- _WHAT YOU HAVE TO DO_: The entries below contain pictures, which are to be left out; write out exactly, and only, the lines from the line with "Trick or Treat Smileys Shirt" up to and including the line with "Flaubert und der Vergleich".

● ● ●

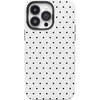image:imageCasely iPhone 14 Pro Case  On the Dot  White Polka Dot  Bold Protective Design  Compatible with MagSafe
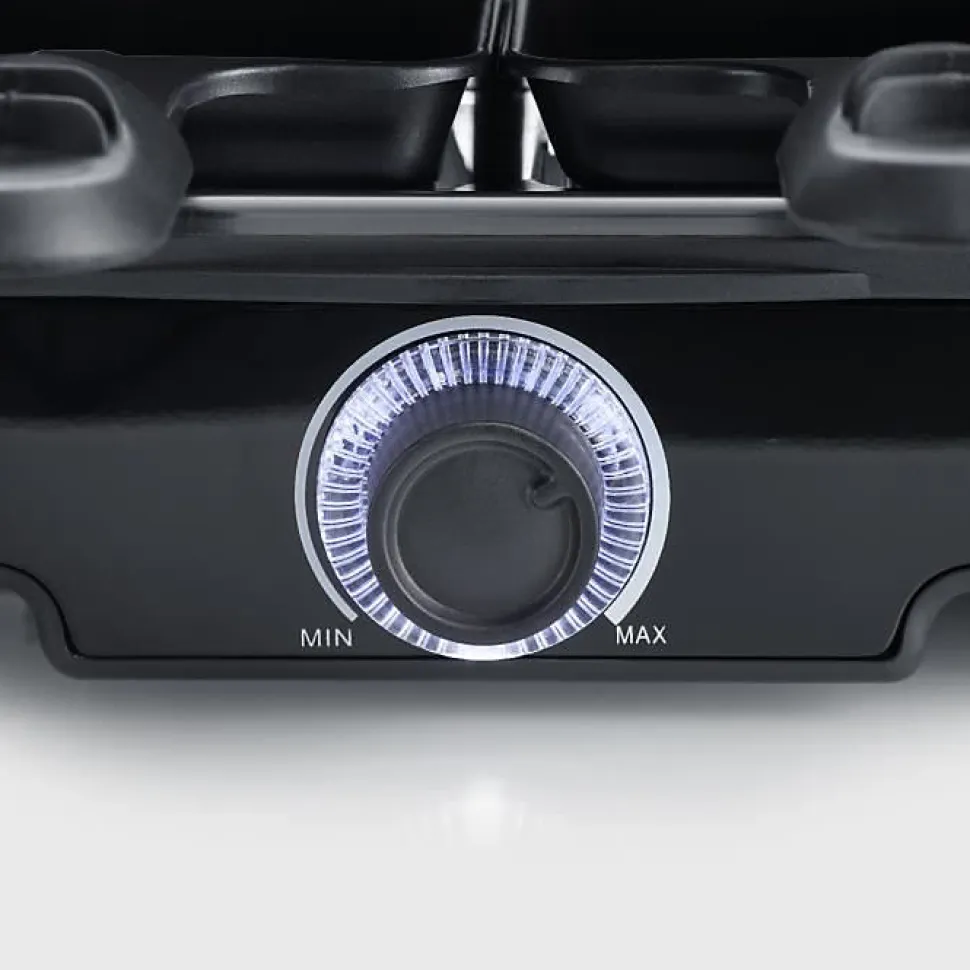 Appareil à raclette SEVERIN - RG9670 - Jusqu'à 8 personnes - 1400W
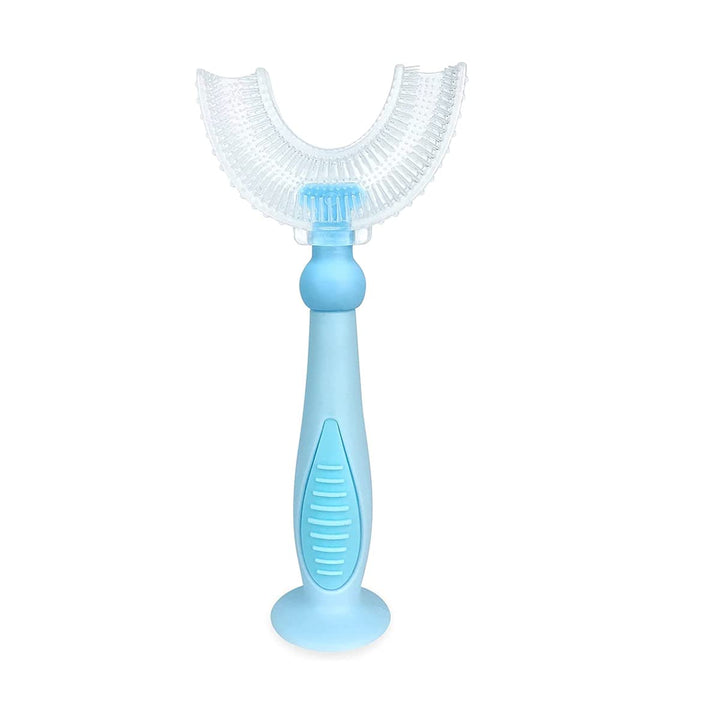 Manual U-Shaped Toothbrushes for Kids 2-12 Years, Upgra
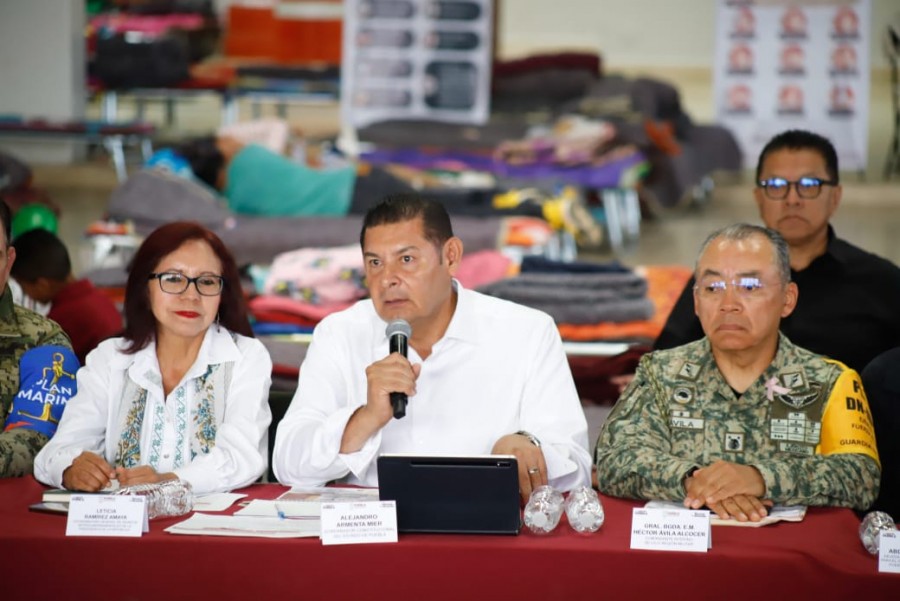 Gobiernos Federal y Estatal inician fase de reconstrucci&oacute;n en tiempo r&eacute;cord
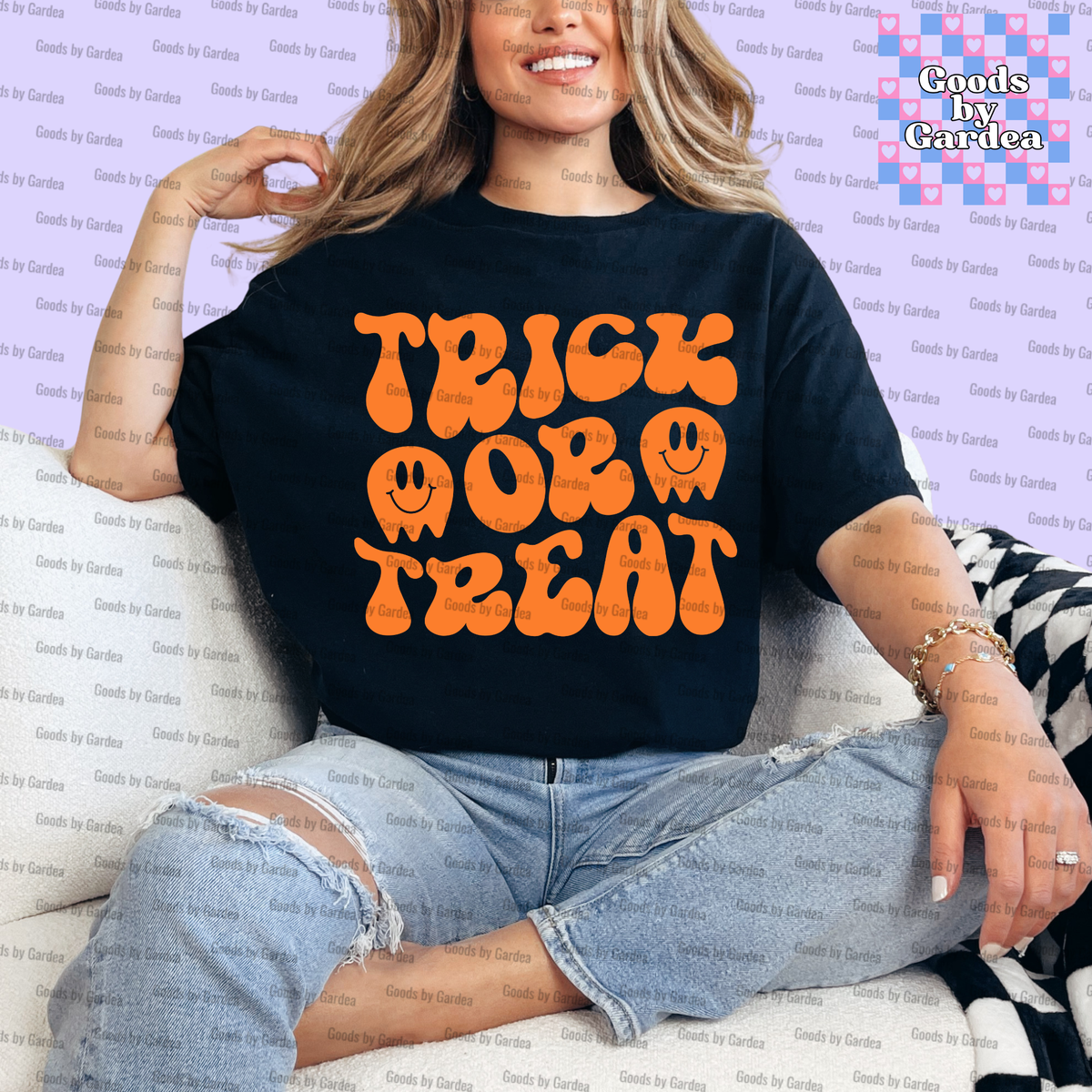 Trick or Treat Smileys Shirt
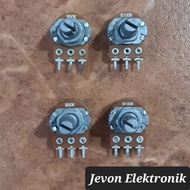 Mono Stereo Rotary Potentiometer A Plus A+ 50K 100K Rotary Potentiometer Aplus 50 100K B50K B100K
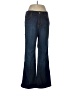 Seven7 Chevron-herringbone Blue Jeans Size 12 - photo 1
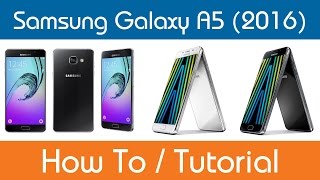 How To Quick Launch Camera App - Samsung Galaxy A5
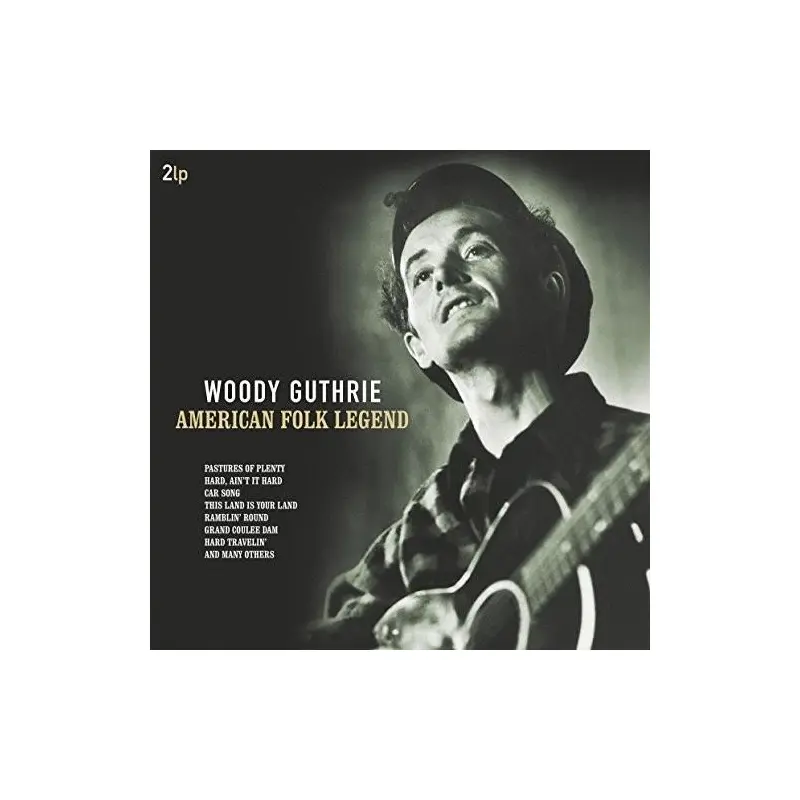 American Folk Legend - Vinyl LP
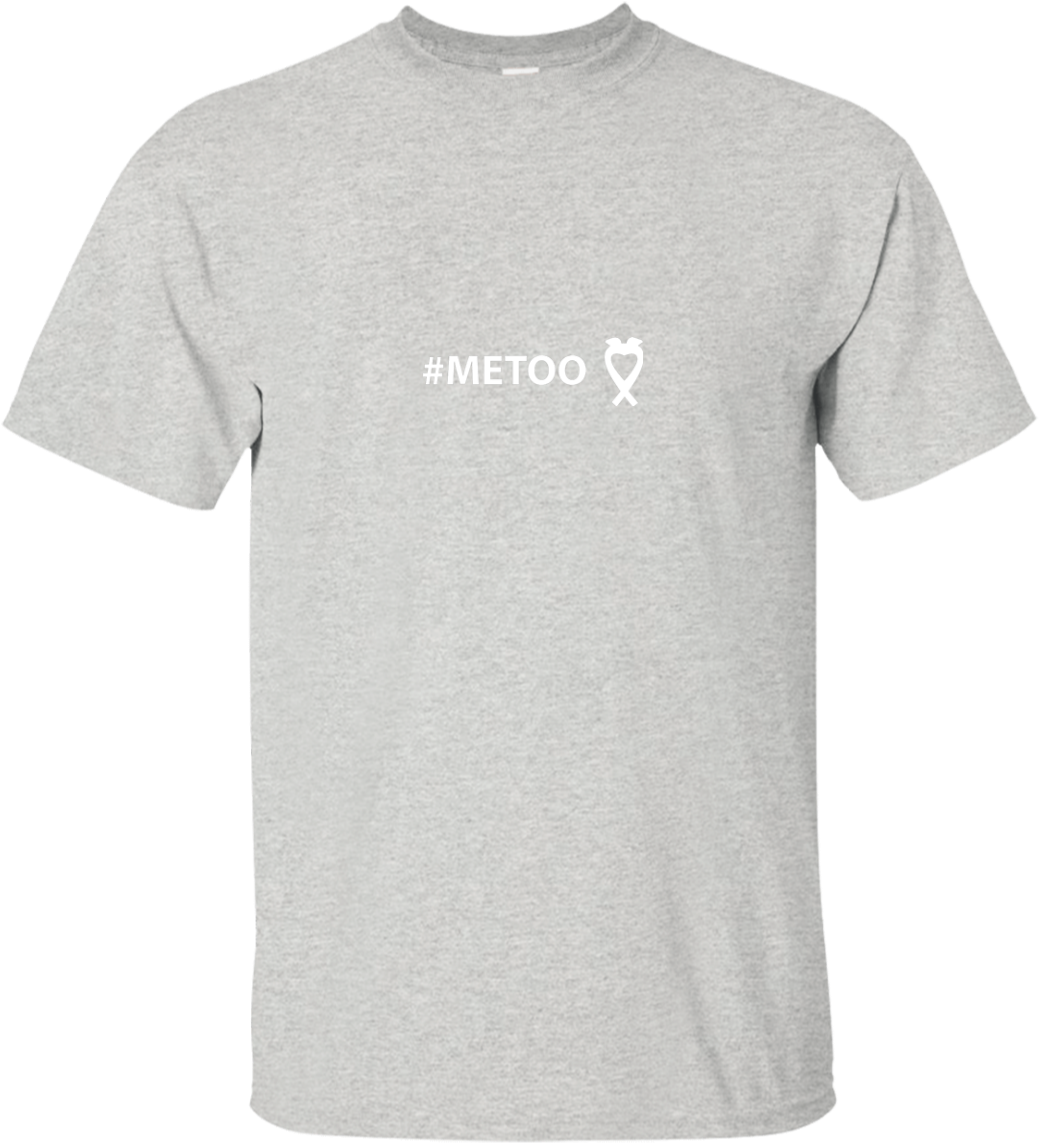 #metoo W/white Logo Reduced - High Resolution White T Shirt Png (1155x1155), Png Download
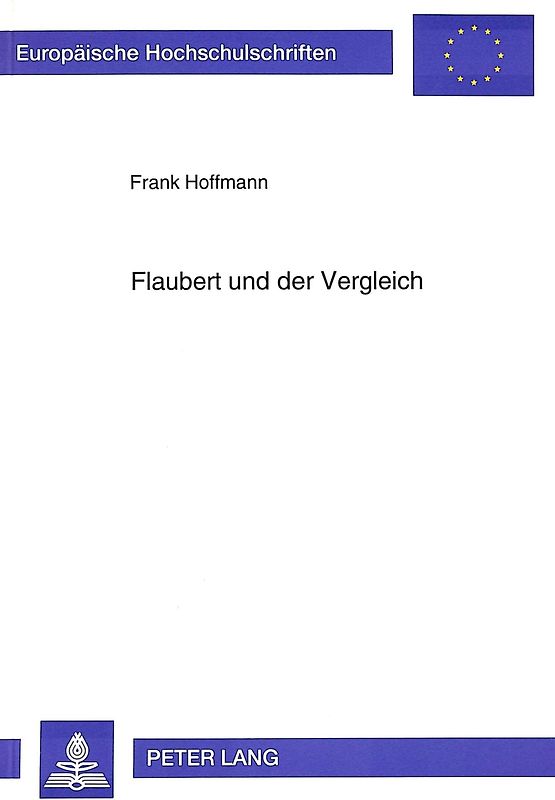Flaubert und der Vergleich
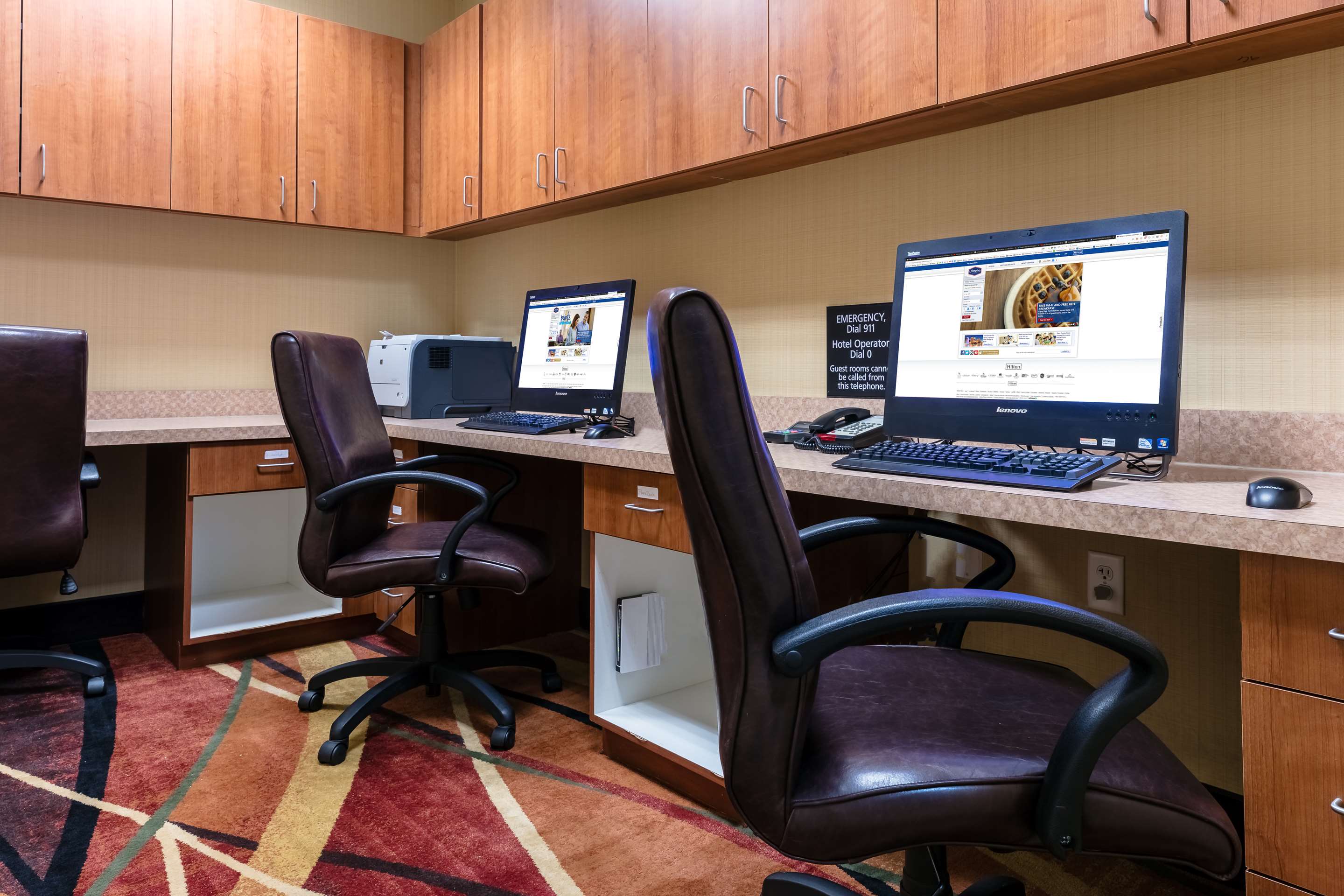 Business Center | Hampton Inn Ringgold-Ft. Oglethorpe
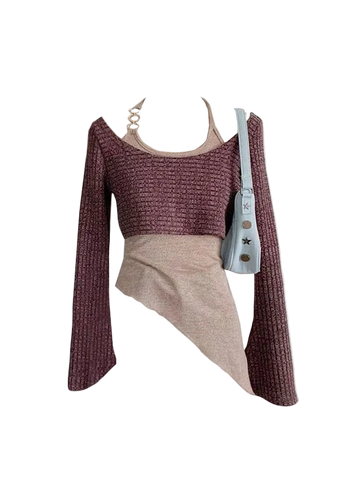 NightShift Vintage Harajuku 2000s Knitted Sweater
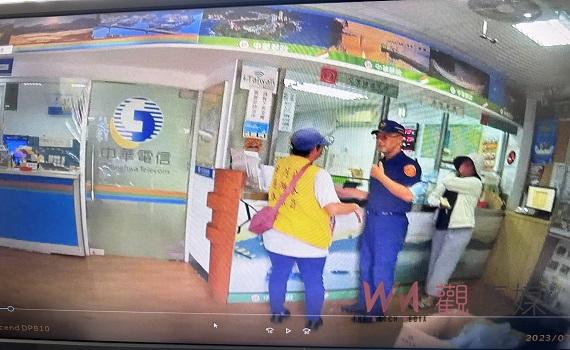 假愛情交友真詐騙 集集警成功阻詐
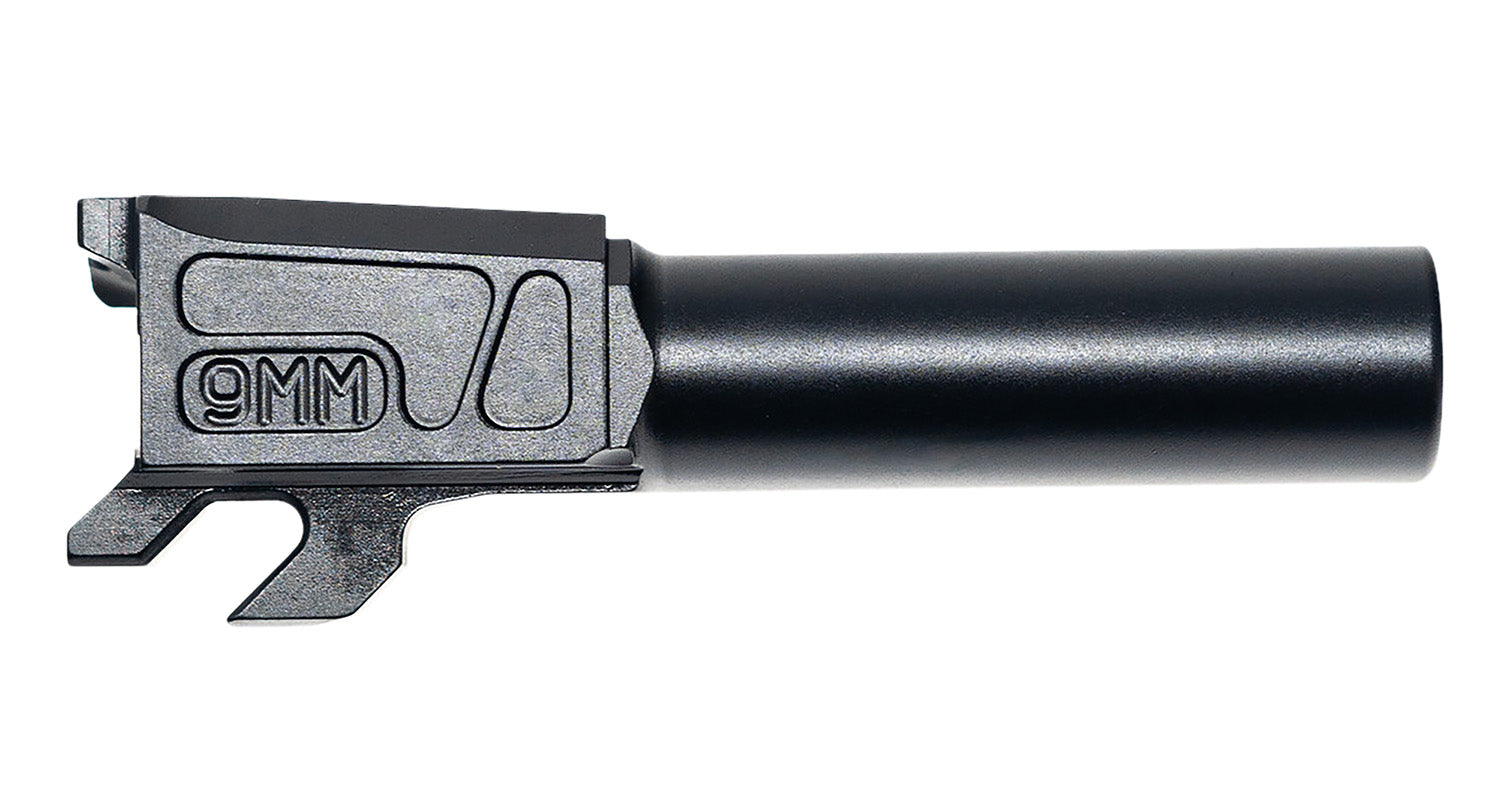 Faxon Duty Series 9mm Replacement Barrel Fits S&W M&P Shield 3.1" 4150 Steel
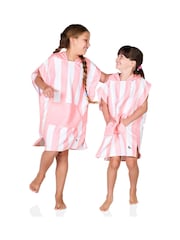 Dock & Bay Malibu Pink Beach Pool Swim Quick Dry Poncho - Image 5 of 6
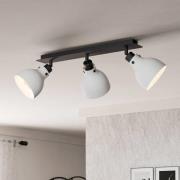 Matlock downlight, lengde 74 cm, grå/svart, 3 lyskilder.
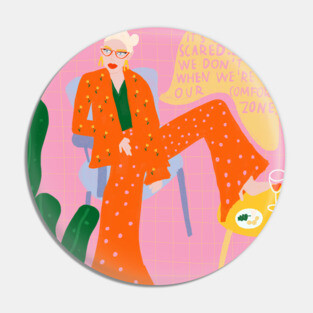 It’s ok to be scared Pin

● ● ●

- _FINISHED EXERCISE_:
 Trick or Treat Smileys Shirt
 Mono Stereo Rotary Potentiometer A Plus A+ 50K 100K Rotary Potentiometer Aplus 50 100K B50K B100K
 Seven7 Chevron-herringbone Blue Jeans Size 12 - photo 1
 How To Quick Launch Camera App - Samsung Galaxy A5
 American Folk Legend - Vinyl LP
 #metoo W/white Logo Reduced - High Resolution White T Shirt Png (1155x1155), Png Download
Flaubert und der Vergleich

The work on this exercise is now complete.